World Vision has confirmed that a number of staff have lost their lives after militants attacked a building used by World Vision in North West Pakistan. World Vision operations in Pakistan are focused mainly around emergency relief particularly earthquake response and recovery. More information will be provided as it becomes available.

The number of dead and injured is yet to be confirmed.

About World Vision Pakistan
Pakistan is a country prone to natural disasters, and its mountainous North-West areas have seen much relief activity over the past decade.

Since 1992, World Vision has primarily focused on small-scale relief interventions in Pakistan.
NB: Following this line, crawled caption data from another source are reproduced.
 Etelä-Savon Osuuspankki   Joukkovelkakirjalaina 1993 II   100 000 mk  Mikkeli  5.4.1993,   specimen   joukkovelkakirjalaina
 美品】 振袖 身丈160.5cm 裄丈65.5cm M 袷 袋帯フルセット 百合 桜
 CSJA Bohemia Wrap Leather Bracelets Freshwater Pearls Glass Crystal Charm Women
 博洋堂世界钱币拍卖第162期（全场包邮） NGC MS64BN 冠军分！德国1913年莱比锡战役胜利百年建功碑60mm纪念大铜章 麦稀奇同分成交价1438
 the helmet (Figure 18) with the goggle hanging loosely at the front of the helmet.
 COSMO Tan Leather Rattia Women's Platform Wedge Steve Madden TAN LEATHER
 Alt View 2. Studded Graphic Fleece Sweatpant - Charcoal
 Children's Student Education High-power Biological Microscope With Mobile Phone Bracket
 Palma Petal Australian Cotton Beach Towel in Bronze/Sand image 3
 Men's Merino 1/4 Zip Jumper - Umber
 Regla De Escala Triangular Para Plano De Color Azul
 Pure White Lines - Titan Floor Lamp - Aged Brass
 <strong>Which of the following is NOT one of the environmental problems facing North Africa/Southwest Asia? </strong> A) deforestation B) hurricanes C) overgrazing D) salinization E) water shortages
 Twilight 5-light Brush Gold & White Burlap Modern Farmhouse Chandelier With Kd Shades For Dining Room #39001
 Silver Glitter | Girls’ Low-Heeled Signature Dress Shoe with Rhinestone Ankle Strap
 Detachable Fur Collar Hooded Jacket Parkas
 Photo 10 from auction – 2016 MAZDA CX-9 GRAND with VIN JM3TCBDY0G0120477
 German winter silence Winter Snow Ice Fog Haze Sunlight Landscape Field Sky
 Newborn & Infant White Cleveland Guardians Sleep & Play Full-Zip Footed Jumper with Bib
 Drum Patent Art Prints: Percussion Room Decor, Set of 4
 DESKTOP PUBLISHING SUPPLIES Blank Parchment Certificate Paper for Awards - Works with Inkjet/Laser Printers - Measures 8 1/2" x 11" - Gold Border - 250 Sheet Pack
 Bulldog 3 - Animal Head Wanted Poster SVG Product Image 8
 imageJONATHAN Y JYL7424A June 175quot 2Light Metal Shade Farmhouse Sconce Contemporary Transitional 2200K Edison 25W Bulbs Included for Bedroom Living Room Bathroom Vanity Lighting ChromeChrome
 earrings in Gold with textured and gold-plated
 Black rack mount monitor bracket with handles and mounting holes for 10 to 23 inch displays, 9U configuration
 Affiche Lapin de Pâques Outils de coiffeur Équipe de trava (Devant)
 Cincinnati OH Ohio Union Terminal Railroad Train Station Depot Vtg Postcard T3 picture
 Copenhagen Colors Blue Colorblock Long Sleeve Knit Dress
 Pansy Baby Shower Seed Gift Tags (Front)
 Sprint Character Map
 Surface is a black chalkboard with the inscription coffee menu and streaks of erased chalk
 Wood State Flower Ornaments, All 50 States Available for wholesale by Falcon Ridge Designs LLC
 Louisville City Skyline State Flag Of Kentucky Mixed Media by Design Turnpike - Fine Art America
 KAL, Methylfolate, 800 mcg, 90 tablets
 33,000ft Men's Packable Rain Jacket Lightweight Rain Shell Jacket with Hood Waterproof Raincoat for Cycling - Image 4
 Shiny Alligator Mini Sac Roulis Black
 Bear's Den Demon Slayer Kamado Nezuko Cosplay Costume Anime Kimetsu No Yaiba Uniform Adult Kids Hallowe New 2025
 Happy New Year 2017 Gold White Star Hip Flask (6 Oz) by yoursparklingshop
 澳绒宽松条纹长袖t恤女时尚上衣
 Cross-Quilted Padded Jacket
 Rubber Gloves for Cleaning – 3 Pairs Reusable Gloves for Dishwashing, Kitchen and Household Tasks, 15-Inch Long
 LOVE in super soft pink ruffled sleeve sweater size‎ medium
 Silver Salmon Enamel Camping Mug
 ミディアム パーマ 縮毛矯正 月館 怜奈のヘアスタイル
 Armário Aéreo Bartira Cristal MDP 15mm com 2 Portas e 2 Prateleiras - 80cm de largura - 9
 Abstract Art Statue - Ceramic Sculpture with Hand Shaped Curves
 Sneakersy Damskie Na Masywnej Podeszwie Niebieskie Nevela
A programming support component was added in 2001, when World Vision Pakistan (WVP) began working with partners in the North West Frontier Province (NWFP) and Punjab Province with emergency relief assistance and community development initiatives. The 2005 torrential rains and heavy snowfall in Swat, Kohistan, Shangla and Mansehra prompted World Vision to support local NGOs in their relief effort.

After the devastating October 2005 earthquake, WVP used airdrops and human convoys to move relief supplies. Our emergency and relief intervention reached 45,186 quake-affected households. Some 284,821 beneficiaries received non-food items (winterised tents, blankets, tarpaulins, stoves, water containers and water purification kits, hygiene kits, and shelter and construction materials). About 3,743 metric tones of food supplies were distributed to 95,401 people. Fifty villages benefited from food-for-work and food-for-training projects on debris clearance, road rehabilitation, and construction of walking tracks and animal shelters.

In 2007, WVP started to work through partner organisations to respond to the critical situation of flood-affected people in the southern provinces of Balochistan and Sindh. Communities in five districts benefited from WV’s intervention targeting health, water and sanitation, education, and psycho-social support.

WVP joins the country’s government, civil authorities, and international community, in the transition to recovery and rehabilitation, leading to long-term commitment to supporting sustainable development.